Csr e uso dei media: business, a tutti i costi
Un altro campo di iniziativa dell’industria è quello della responsabilità sociale d’impresa (Corporate Social Responsability - Csr) le cui finalità dichiarate, oltre a fornire garanzie sulla qualità del prodotto e dei processi di produzione, includono a volte un impegno a favore della salute pubblica. L’industria ammette in parte gli effetti nocivi del fumo, anche se sottolinea come non tutti i meccanismi biologici siano stati svelati. E non riconosce la capacità della nicotina di creare dipendenza, arrivando a sostenere che i fumatori che intendono smettere possono farlo quando vogliono. Esistono forse solo due aree in cui gli obiettivi dichiarati dall’industria sembrano combaciare con quelli della sanità pubblica: il contrasto alla contraffazione e la prevenzione del fumo tra i minori.

Nel 2004, negli Usa, a seguito di un accordo legale tra alcuni Stati e le principali industrie del tabacco, furono rese pubbliche oltre 40 milioni di pagine di documenti dell’industria del tabacco. Analizzandoli, fu possibile appurare come, per contrastare le misure legislative a difesa della salute pubblica, l’industria avesse creato e finanziato segretamente nel 1994 una coalizione solo apparentemente indipendente. Coalizione che, screditando i risultati della ricerca scientifica e senza esporre direttamente l’industria del tabacco, fu capace di orientare l’opinione pubblica e ostacolare la legislazione, manipolando i media e travisando le prove scientifiche.

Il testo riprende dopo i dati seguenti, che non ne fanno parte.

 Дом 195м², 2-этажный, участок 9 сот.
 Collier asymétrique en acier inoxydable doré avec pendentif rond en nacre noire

Lo scopo delle interferenze dell’industria del tabacco è infatti quello di garantire il business a tutti i costi, combattendo ogni tentativo di ridurre la capacità di produzione e vendita ed esaltando il diritto dei consumatori di avere a disposizione un mercato libero che consenta loro di scegliere i prodotti che vogliono consumare. E lo fa bloccando, ritardando, modificando le leggi che pongono restrizioni, sfruttando le lacune legislative, richiedendo un posto al tavolo dei negoziati, promuovendo la regolazione volontaria invece della legislazione, finanziando iniziative del governo in altre aree della salute ricercandone il favore, fino ad arrivare, come è stato dimostrato in alcuni Paesi, a intimidire i governanti e corrompere i legislatori.

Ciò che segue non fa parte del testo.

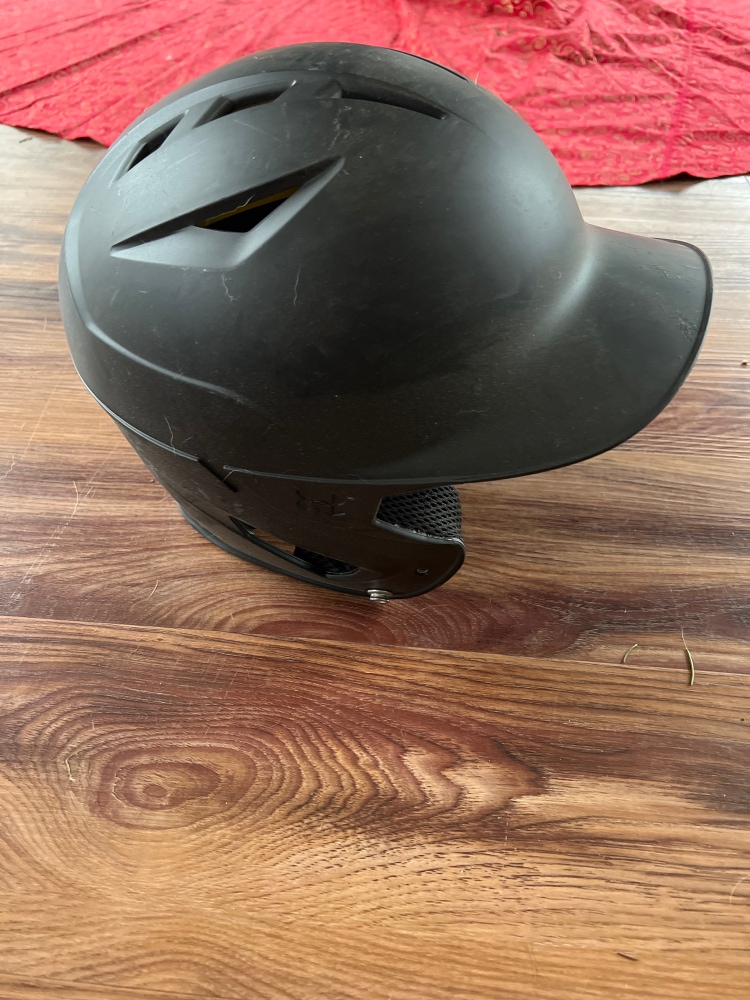 New Medium/Large Under Armour Batting Helmet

La giornata mondiale contro il fumo
È per tutto questo, quindi, che l’Oms ha dedicato le ultime due edizioni dei No Tobacco Days a smascherare le interferenze dei produttori e le forme di pubblicità palesi e occulte. Quest’anno la giornata mondiale vuole essere una chiamata all’azione rivolta ai governi degli Stati membri per potenziare la sorveglianza sul sempre più potente e sofisticato marketing messo in atto da Big Tobacco per promuovere la vendita e la diffusione dei propri prodotti, anche in Paesi come l’Italia in cui ciò dovrebbe essere vietato. Lo scorso anno invece l’Oms, cavalcando la visibilità di questa giornata di sensibilizzazione mondiale, aveva inteso sottolineare i tentativi che l’industria del tabacco compie ogni giorno per interferire nell’applicazione della Convenzione quadro sul controllo del tabacco, il primo trattato internazionale al mondo per la tutela della salute pubblica. Gli Stati che lo ratificano, infatti, riconoscono i danni provocati dai prodotti del tabacco e dalle aziende che li fabbricano, individuando le azioni più opportune da intraprendere per contrastarne la diffusione e i metodi per l’attuazione.